Je me souviens du temps où l’on me regardait presque religieusement dans mon habit noir et blanc. À cette époque, le journal télévisé réservait toujours d’authentiques instants de bonheur. De nos jours, les actualités souriantes sont réduites à la portion congrue et je ne diffuse plus que des informations sinistres où l’on déplore morts et blessés aux quatre coins de la planète. Comme dans une série noire, j’exhibe : avions écrasés, attentats, menaces atomiques, grèves, drames sociaux dignes de tragédies antiques, chefs d’État impuissants… J’ai envie de pleurer quand je vois la Terre, hurler sa douleur à travers : séismes, tsunamis, inondations, cyclones, incendies… Je ne suis alors que peine, douleur, souffrance, inconscience, égoïsme, folie d’une Humanité qui part à la dérive … tout comme moi.
 
Ce soir, j’en veux à ma fidèle compagne de m’entraîner dans ce manège infernal. J’ai le tournis devant les chaînes qui défilent à toute allure. Elle, c’est « Zapette ». Depuis son invention (il y a une quinzaine d’années), nous sommes unies pour le meilleur et souvent pour le pire….
 
Elle se greffe dans la main de ceux qui me regardent pour agir miraculeusement sur mes canaux. En un petit clic, elle me fait passer du noir JT au rouge-ketchup des mauvaises séries. Au moment où je commence enfin à dénouer l’intrigue, la « main-zapette » me transporte ailleurs. Encore étourdie, je déboule sur un terrain de sports où évoluent des « footballeux » tout bleus. Le temps de visionner deux buts, je suis catapultée sur un stade en pleine ébullition où des athlètes concourent pour décrocher une médaille. Mais qui a remporté le cent mètres et en combien de temps ? Qu’importe ! Encore plus rapide que le champion, Zapette m’assied sur une chaise où dans une ambiance faussement théâtrale, je fais briller des candidats répondant à des questions débiles pour remporter des millions. Excédée par cette inculture, la « main-zapette » me dépose au creux d’une romance rose à l’eau du même nom. Je m’attache alors à la belle femme, triste et abandonnée. Le prince charmant, médecin de la clinique « Les Pépitounes » va-t-il la sauver ? Patatras, la publicité… Les marques de lessive, sauces tomate, sodas, assurances … défilent sans intérêt. Agacée, la « main-zapette » m’expédie sur une île bretonne (ou normande ou ?) dans une saga d’été que je peine à suivre. Toujours des histoires insensées de meurtres en série, de secrets de familles qui se déchirent où tout est compliqué, mal ficelé, et irréaliste au possible… Inévitablement, je m’y perds. Mais il y a bien pire quand d’un clic maléfique, je débarque dans le « no man’s land » de la transparence. Je me transforme alors en affreuse lucarne voyeuse et indiscrète, levant le voile sur l’insipide télé-réalité.

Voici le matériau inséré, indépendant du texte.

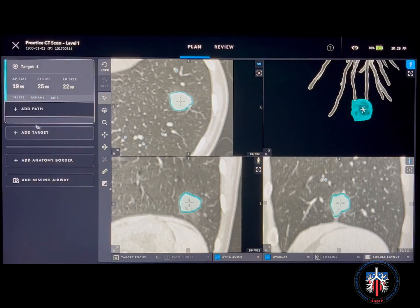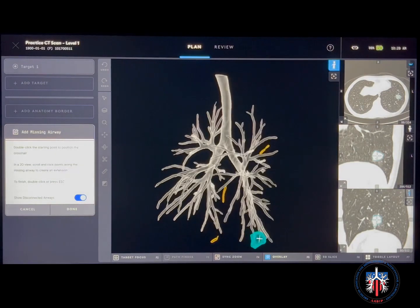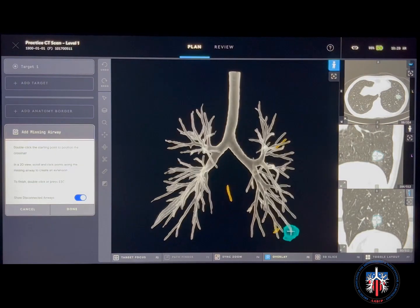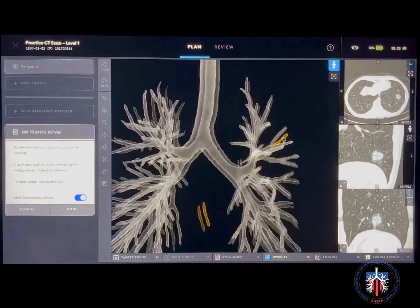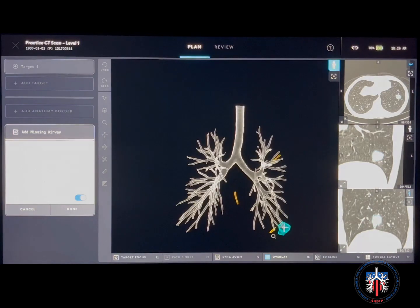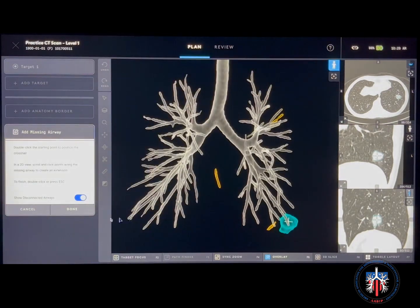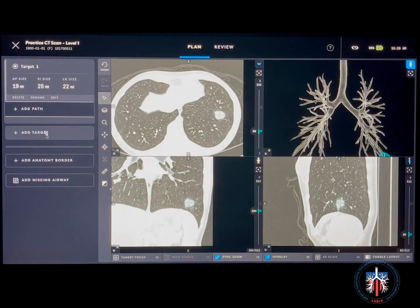Once added, you can delete, rename, or edit the nodule target. The software can identify missing airways, highlighted here in yellow. Missing airways are distal airways that were omitted from the 3D airway tree due to an interruption in the more proximal airway branch on the CT scan. You have the option of manually reconnecting them.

Je montre de jeunes « artistes – marionnettes » que l’on fait chanter et transpirer, leur faisant miroiter une vie de star. Dans le même registre, je montre sans pudeur des gens qui semblent consentants pour exposer leur intimité. Ainsi il y a « le loft, l’île de la tentation, la première compagnie, la ferme, le bachelor, le fiancé, secret story… ». J’en oublie certainement tant les ions de mon plasma s’enfoncent dans le magma de « l’avilissement »… Ouf ! La « main-zapette » s’est endormie. Mais elle a oublié de ramener au merveilleux pays de la princesse en détresse, abandonnée pour cause de réclame… Tant pis. Je m’éteins alors exténuée par trop de diversité et de médiocrité.
 
Sauter allégrement de chaîne en chaîne, butiner par ci par là les morceaux éparpillés d’un immense puzzle éclaté, ce n’est pas toujours gai. Heureusement, comme dans toute union, Zapette et moi partageons de bons moments lorsqu’elle consent à demeurer inactive. Je me régale alors des « fausses » informations croquées avec réalisme et ironie par de grands guignols. Il m’arrive aussi de remplir l’écran de bons films au cours desquels elle demeure totalement muette. Elle reste également très sereine, lorsque je propose des documentaires de qualité, des promenades au cœur de lieux magiques mêlant avec bonheur « des racines et des ailes ». Cela se produit également quand je parcours les mers sur le bateau « Thalassa », ou quand je lève le voile d’un monde insoupçonné révélé par « Envoyé spécial ». Zapette s’est toujours tue très respectueusement devant Monsieur Pivot qui, pendant fort longtemps m’a apostrophée de fort belle manière. À présent, elle fait de même lorsque je diffuse des émissions où sont détaillées les sorties littéraires. Enfin, son silence est criant au cours des remarquables soirées « Théma » que j’expose dans la galerie de la chaîne de l’art…
 
Vu la multitude de programmes proposés par tous les médias modernes, j’ai certainement oublié d’évoquer de nombreuses émissions que je diffuse plus ou moins régulièrement et dont la qualité peut être jugée de médiocre à excellente. Depuis l’avènement des satellites numériques, je suis envahie et submergée par toutes sortes de productions. Alors comment faire le tri et surtout que choisir de regarder ? Je n’ai pas de réponse. Toutefois, je « comprends » que les mauvaises nouvelles que je ressasse en boucle puissent pousser la « main-zapette » à œuvrer. Chacun prend ce qu’il veut et surtout ce qu’il peut dans tout cet amalgame. Quand le seuil de saturation est atteint, zapper pour tenter de fuir la réalité, oublier les douleurs de la vie, c’est de « bonne guerre ». À défaut de pouvoir offrir une belle image du monde réel, ouvrir la porte de celui du rêve, c’est déjà une belle mission, non ?…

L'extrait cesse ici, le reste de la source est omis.